Responsibility for this film’s maddeningly anti-aesthetic appearance has to be laid at the feet of Werner W. Wallroth, the same director who gave us, the Gojko Mitic/Dean Reed Indianerfilm, Blood Brothers. Wallroth, by 1977, had made a dozen movies for cinema and television, so we can assume that he was intentionally avoiding traditional aesthetics, perhaps in an attempt to create a more spontaneous look and feel. Whether he succeeds or not is up to the viewer, but he is clearly throwing out a lot of the rules of traditional filmmaking. Nearly every musical number in this film is approached from a contrarian’s perspective. Angelika Mann’s song “Bei den sieben Zwergen” (“With the Seven Dwarves”), for instance, takes the Snow White story of the Brothers Grimm and inverts it with Snow White substantially shorter than any of the so-called dwarves.

Conspicuous by their absence from the film are Nina Hagen and the rock band, Renft. Nina Hagen had left the country a few months before the film was released. A year earlier, her step-father, Wolf Biermann, was singing at a concert in Cologne when the GDR officials let it be known that he was not welcome back into the GDR (Biermann had been born in Hamburg, so he was, by birth, a West German). Although very much a socialist, his songs attacking the stagnation occurring in the upper ranks of the SED were seen as a threat to the authorities. Biermann’s wife, the popular East German actress, Eva-Marie Hagen, and her daughter Nina petitioned to be allowed to join Biermann in the west. Nina let it be know that if not allowed to join him, she would replace him as the voice of protest in the GDR. After some hemming and hawing, the authorities finally agreed to let the two woman leave the country. By 1977, the young Nina was already one of the GDR’s most successful singers. Back then, she was cute as a button and tended to sing novelty songs about sneezing and tango dancing. Her most famous song from this period was “Du has dein Farbfilm vergessen” (“You forgot the color film”), sung from the perspective of a woman who is really, really pissed at her boyfriend (husband?) for using black-and-white film during their vacation.
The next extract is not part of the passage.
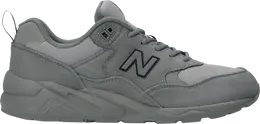 New Balance: Серые кроссовки 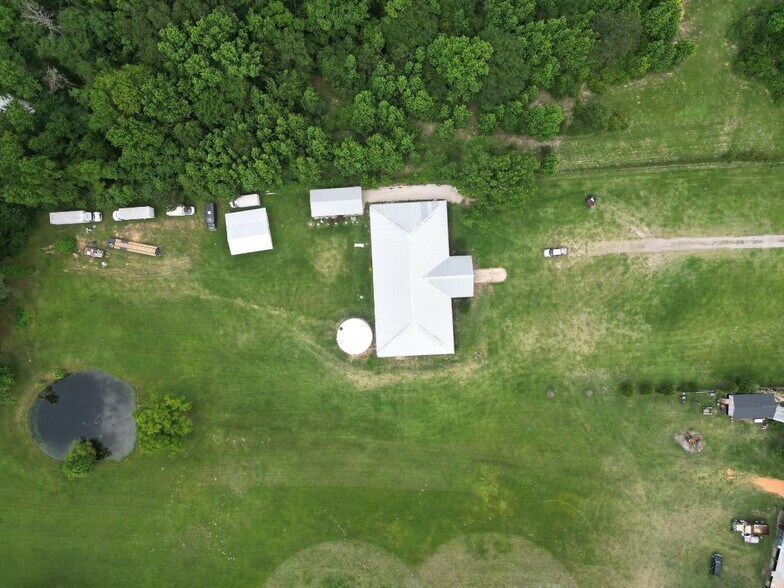 More Photos Of 13705 FM 2432 Rd, Willis Lodge Meeting Hall For Lease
Renft, on the other hand, had been banned before the Biermann debacle. The band, led by singer/bass guitarist Klaus Renft, was one of the better rock bands in the GDR, but their lyrics, mostly penned by singer Gerulf Pannach, often ran afoul of the authorities with their challenges to the status quo. Finally, in 1975, the government decided to solve the problem by erasing all evidence that the band ever existed. Renft LPs were removed from stores and from playlists, both past and present. Two of the members were imprisoned for nine months at the infamous Stasi prison in Alt-Hohenschönhausen. This tactic did succeed in breaking up the band (temporarily), but did little to diminish interest in them. If anything, it turned them into icons of change and challenge, and gave them a cult underground following. The verboten Renft LPs became highly sought after items on the East German black market. After the Wende, the band got back together. Since that time, several of the original members (including Klaus Renft) have died, but the band continues to perform.
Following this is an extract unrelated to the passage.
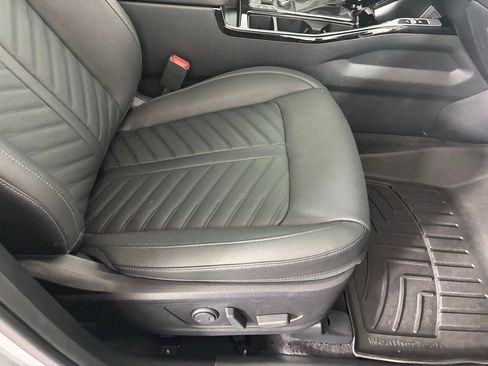 Used 2025 Kia Sorento SX Prestige image 38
But the biggest star missing from the DEFA Disko 77 line-up is Frank Schöbel. Schöbel was on top of the pops in 1977, but for whatever reason (perhaps some reader can enlighten me) he does not appear in this film. His ex-wife, Chris Doerk, is here, along with Dorit Gäbler, who appeared with Doerk and Schöbel in Nicht schummeln, Liebling: the follow-up to Hot Summer, and their last feature film together. This was around the time that Schöbel and Doerk broke up, so perhaps that was a factor in his absence from this film.

In a way, DEFA Disko 77 works as a metaphor for the state of East Germany in 1977. The film starts with punchy rock numbers that, while not really disco, come closer to fulfilling the film’s title than the later numbers. By the final sequence, the film has drifted so far from the stated goal that it must have left audiences confused. The introductory black-and-white sequences are often shot with hand-held cameras from behind balcony railings, and around corners. These scenes, reminiscent of surveillance videos, make it look like the camera is spying on the performers and can’t help but make one think of the Stasi, who undoubtedly were busy making similar videos of everyone involved with this film at that time. It is hard to believe that this is unintentional, but it is handled so innocuously that it got by the censors.
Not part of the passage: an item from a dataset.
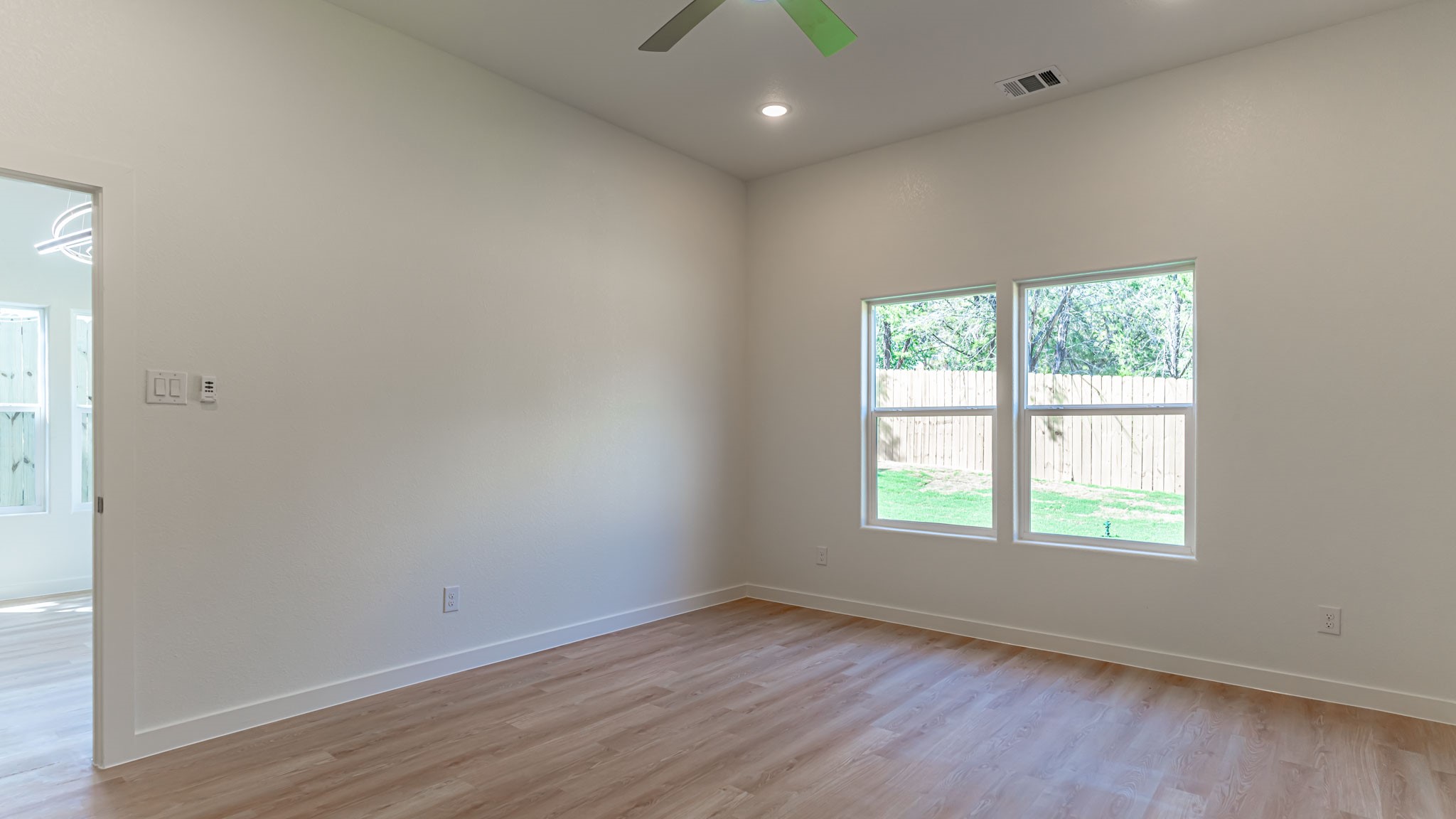 904 Arkansas River Drive , Granbury, TX, 76048 | 20747102 | Realty Texas LLC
The final number is the most telling of all. To close out things, the filmmakers chose a song by Dorit Gäbler and Wolfgang Wallroth titled “Es wird bald Frühling sein” (“It will be spring soon”). Musically, this is a fairly standard German schlager, so why was this song chosen to close the movie? The fact that Wolfgang Wallroth was the director’s brother might have had something to do with it. Whatever the reason, it leaves the movie in a strange place. Finishing things in a downward arc that takes us from an experimental beginning to traditional German music at the end, as if to say, this is the path we’re taking as we march forward into the past. The song talks about how things are about to get better, but the visual information belies this sentiment. The duo sings in a house where all the snow is falling on the inside, trapping them in a wintry world. Later, we see the same duo, now hobos, walking along the train tracks, still chipper, but poorer. Interspersed throughout the video is scene in a junkyard that is slowly being covered with vinyl stick-on flowers. No matter how many flowers are added to the landscape, we never escape the fact that it is still a junkyard. Was the director trying to tell us something? Unfortunately, we may ever know. Werner W. Wallroth died a few months ago (August 9, 2011) in Erfurt.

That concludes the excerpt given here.